[Lustre-discuss] How To change server recovery timeout

Thu Nov 8 10:54:55 PST 2007

Wojciech Turek wrote:
>
> On 7 Nov 2007, at 22:31, Nathan Rutman wrote:
>
>> Cliff White wrote:
>>> Wojciech Turek wrote:
>>>
>>>   
>>>
>>>> Hi Cliff,
>>>>
>>>> On 7 Nov 2007, at 17:58, Cliff White wrote:
>>>>
>>>>     
>>>>
>>>>> Wojciech Turek wrote:
>>>>>
>>>>>       
>>>>>
>>>>>> Hi,
>>>>>> Our lustre environment is:
>>>>>> 2.6.9-55.0.9.EL_lustre.1.6.3smp
>>>>>> I would like to change recovery timeout from default value 250s 
>>>>>> to something longer
>>>>>> I tried example from manual:
>>>>>> set_timeout <secs> Sets the timeout (obd_timeout) for a server
>>>>>> to wait before failing recovery.
>>>>>> We performed that experiment on our test lustre installation with 
>>>>>> one OST.
>>>>>> storage02 is our OSS
>>>>>> [root at storage02 ~]# lctl dl
>>>>>>   0 UP mgc MGC10.143.245.3 at tcp 31259d9b-e655-cdc4-c760-45d3df426d86 5
>>>>>>   1 UP ost OSS OSS_uuid 3
>>>>>>   2 UP obdfilter home-md-OST0001 home-md-OST0001_UUID 7
>>>>>> [root at storage02 ~]# lctl --device 2 set_timeout 600
>>>>>> set_timeout has been deprecated.
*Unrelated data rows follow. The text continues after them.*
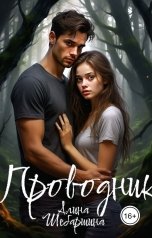 обложка книги Алина Шебаршина "Проводник"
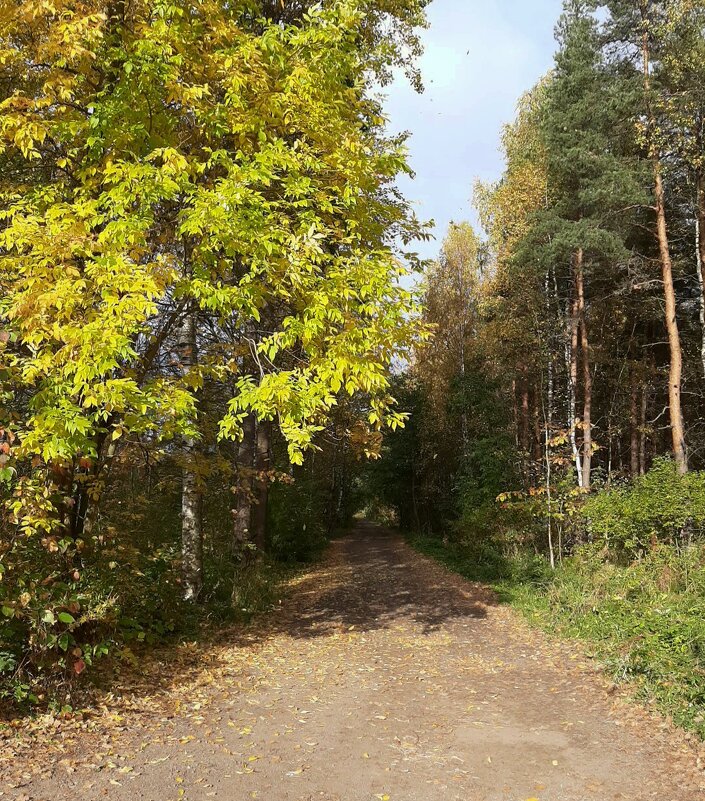 Последний день сентября. Лесопарк - Елена Павлова (Смолова)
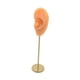 thumbnail image 2 of Soporte De Exhibición De Pendientes, Modelo De Oído Humano, Soporte De Perno, Escaparate, Organizador De Joyas, Piel Normal Izquierda, 2 of 5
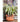 JUHAN Mireille Artistic Floral Clay Flowerpot Decor from JUHAN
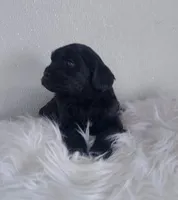 Female, a female Cavapoo for sale in Denver, CO – Photo 1 of 2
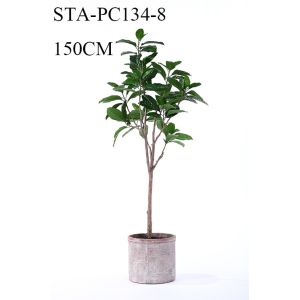 Low - Maintance Artificial Rubber Tree Evergreen Plant Modern Lifestyle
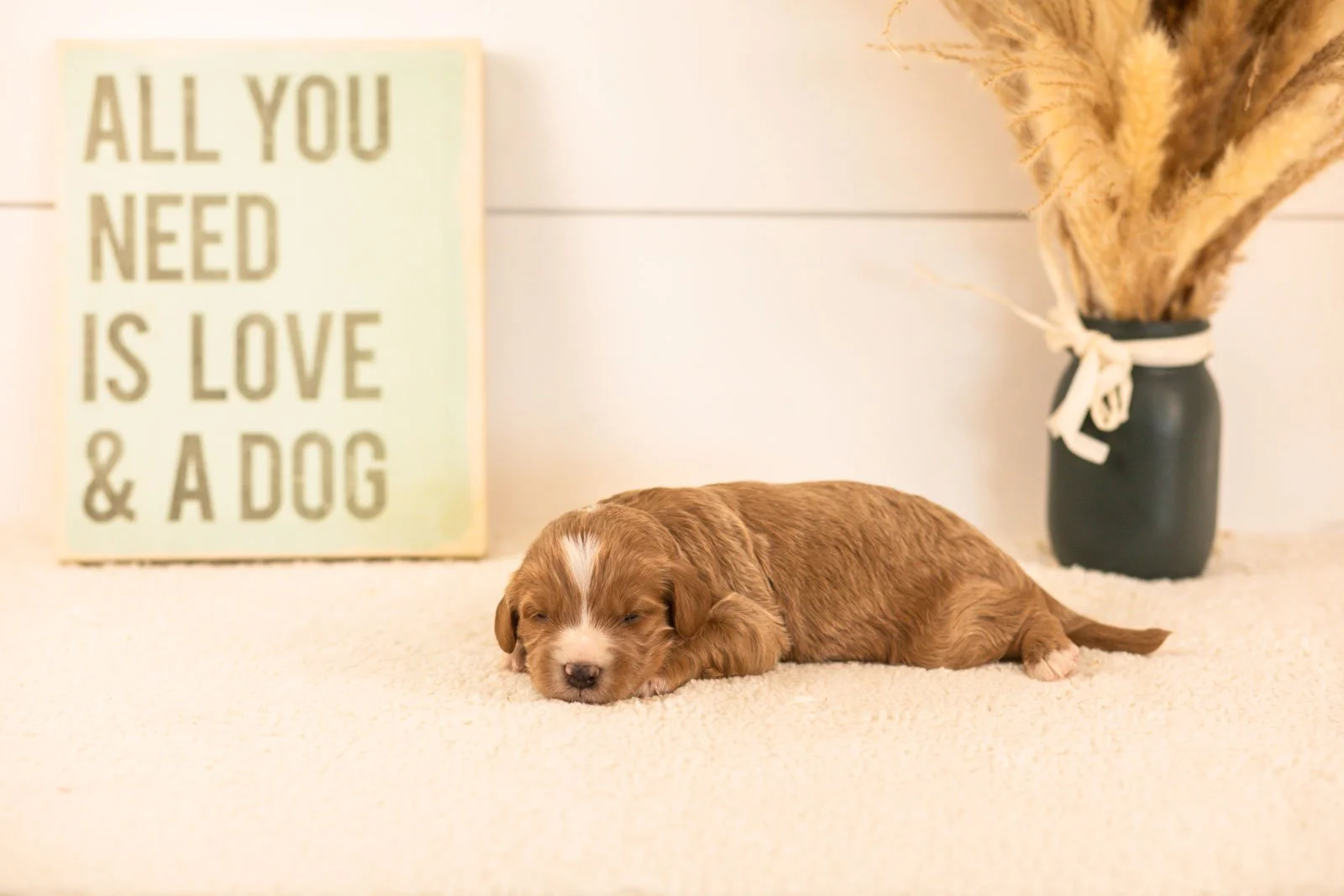 westley goldendoodle for sale.jpg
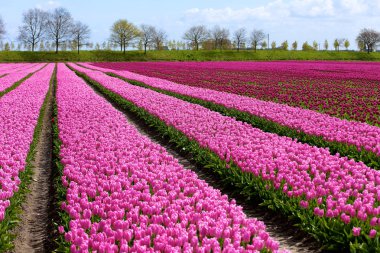 Hollanda'da güzel pembe çiçek alanları. Çiçek açan laleler - Hollands sembolü ve ana turistik bahar.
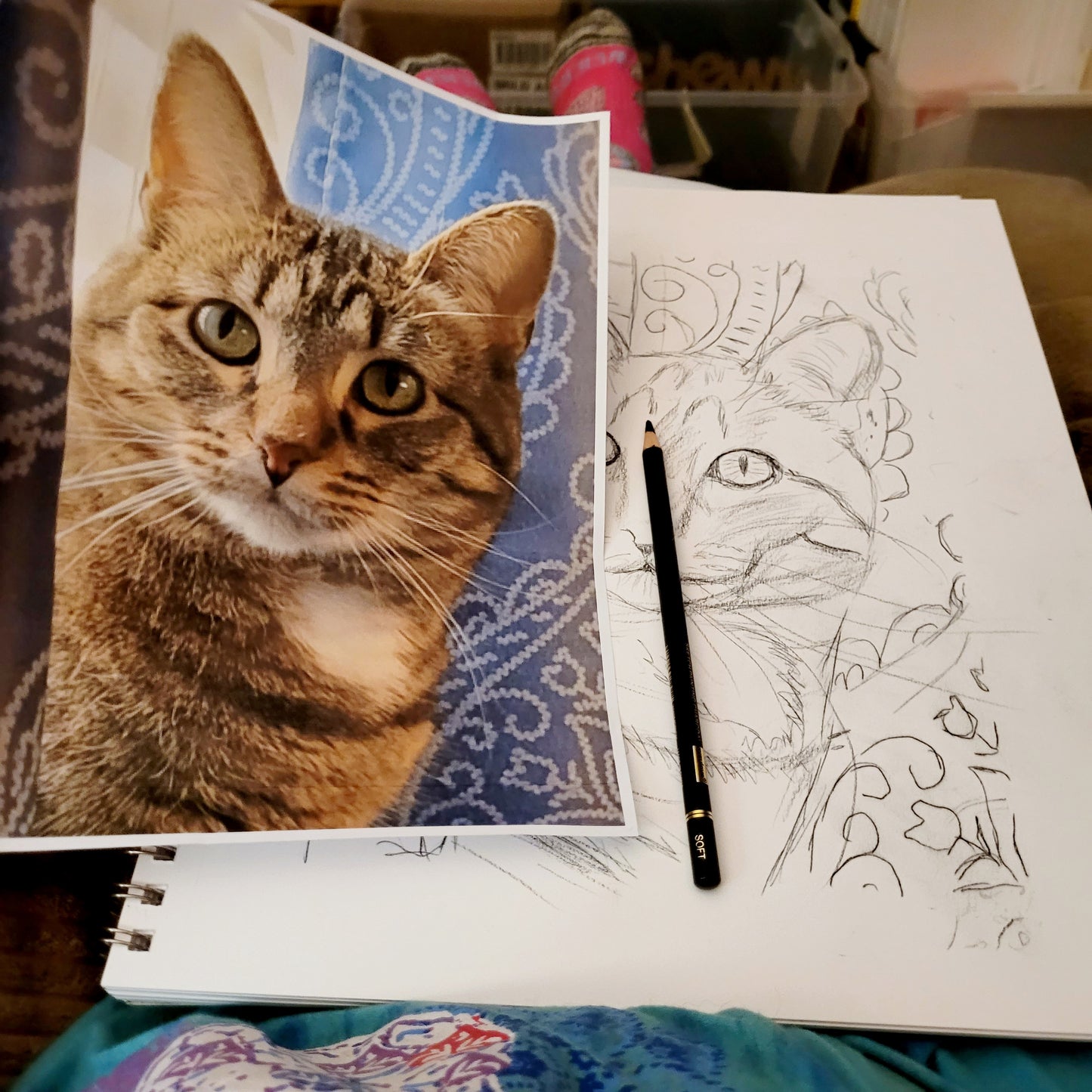 Xena the Kitty - Mixed Media Sketch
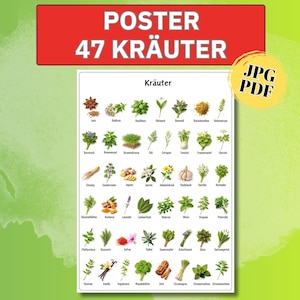 May include: A poster featuring 47 herbs, with each herb labeled in German. The poster has a white background with a grid of illustrations of various herbs. The top of the poster has the text "POSTER 47 KRÄUTER" in red. A yellow circle with "JPG PDF" is in the upper right.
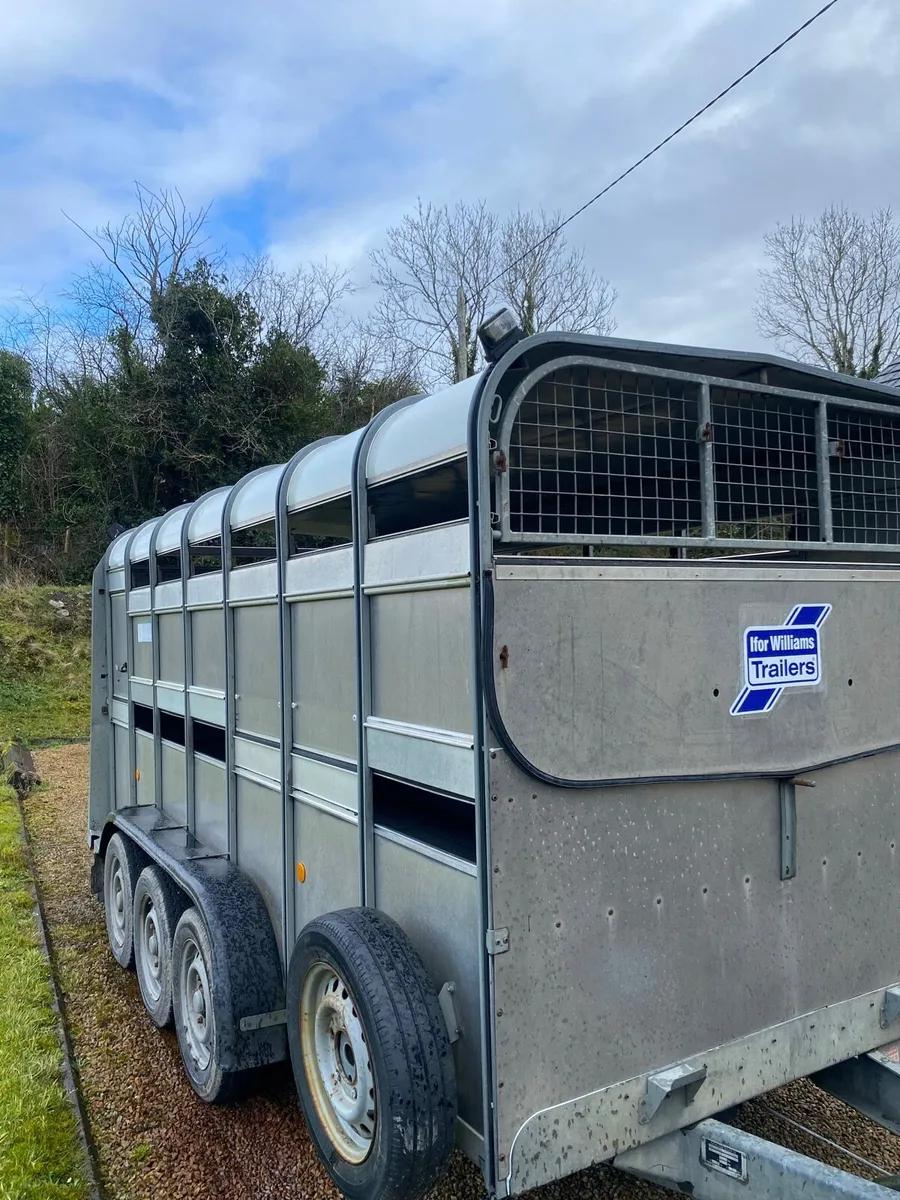 Ifor Williams 14 ft Tri axle - Image 2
Use conf_param instead.
>>>>>> e.g. conf_param lustre-MDT0000 obd_timeout=50
>>>>>>
>>>>>>         
>>>>>>
>> sorry about this bad help message.  It's wrong.
>>>>>> usage: conf_param obd_timeout=<secs>
>>>>>> run <command> after connecting to device <devno>
>>>>>> --device <devno> <command [args ...]>
>>>>>> [root at storage02 ~]# lctl --device 1 conf_param obd_timeout=600
>>>>>> No device found for name MGS: Invalid argument
>>>>>> error: conf_param: No such device
>>>>>> It looks like I need to run this command from MGS node so I  
>>>>>> moved then to MGS server called storage03
>>>>>> [root at storage03 ~]# lctl dl
>>>>>>   0 UP mgs MGS MGS 9
>>>>>>   1 UP mgc MGC10.143.245.3 at tcp f51a910b-a08e-4be6-5ada-b602a5ca9ab3 5
>>>>>>   2 UP mdt MDS MDS_uuid 3
>>>>>>   3 UP lov home-md-mdtlov home-md-mdtlov_UUID 4
>>>>>>   4 UP mds home-md-MDT0000 home-md-MDT0000_UUID 5
>>>>>>   5 UP osc home-md-OST0001-osc home-md-mdtlov_UUID 5
>>>>>> [root at storage03 ~]# lctl device 5
>>>>>> [root at storage03 ~]# lctl conf_param obd_timeout=600
>>>>>> error: conf_param: Function not implemented
>>>>>> [root at storage03 ~]# lctl --device 5 conf_param obd_timeout=600
>>>>>> error: conf_param: Function not implemented
>>>>>> [root at storage03 ~]# lctl help conf_param
>>>>>> conf_param: set a permanent config param. This command must be 
>>>>>> run on the MGS node
>>>>>> usage: conf_param <target.keyword=val> ...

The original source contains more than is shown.